HOW TO COMPLETE THIS TASK >>
Copy the entries below in full, keeping them exactly as they are.

SOURCE MATERIAL >>

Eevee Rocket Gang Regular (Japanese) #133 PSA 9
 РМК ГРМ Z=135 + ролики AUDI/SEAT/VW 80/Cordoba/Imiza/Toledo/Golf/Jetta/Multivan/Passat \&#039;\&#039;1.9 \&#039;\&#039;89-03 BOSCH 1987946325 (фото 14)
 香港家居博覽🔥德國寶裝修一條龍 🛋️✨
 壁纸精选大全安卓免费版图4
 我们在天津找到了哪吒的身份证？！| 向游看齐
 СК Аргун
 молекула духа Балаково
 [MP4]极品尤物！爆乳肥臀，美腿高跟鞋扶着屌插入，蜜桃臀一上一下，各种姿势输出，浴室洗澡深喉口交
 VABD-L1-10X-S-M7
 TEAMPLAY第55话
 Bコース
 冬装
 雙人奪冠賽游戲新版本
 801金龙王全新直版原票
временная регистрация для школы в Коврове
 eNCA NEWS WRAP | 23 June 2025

FINISHED TASK >>
Eevee Rocket Gang Regular (Japanese) #133 PSA 9
 РМК ГРМ Z=135 + ролики AUDI/SEAT/VW 80/Cordoba/Imiza/Toledo/Golf/Jetta/Multivan/Passat \&#039;\&#039;1.9 \&#039;\&#039;89-03 BOSCH 1987946325 (фото 14)
 香港家居博覽🔥德國寶裝修一條龍 🛋️✨
 壁纸精选大全安卓免费版图4
 我们在天津找到了哪吒的身份证？！| 向游看齐
 СК Аргун
 молекула духа Балаково
 [MP4]极品尤物！爆乳肥臀，美腿高跟鞋扶着屌插入，蜜桃臀一上一下，各种姿势输出，浴室洗澡深喉口交
 VABD-L1-10X-S-M7
 TEAMPLAY第55话
 Bコース
 冬装
 雙人奪冠賽游戲新版本
 801金龙王全新直版原票
временная регистрация для школы в Коврове
 eNCA NEWS WRAP | 23 June 2025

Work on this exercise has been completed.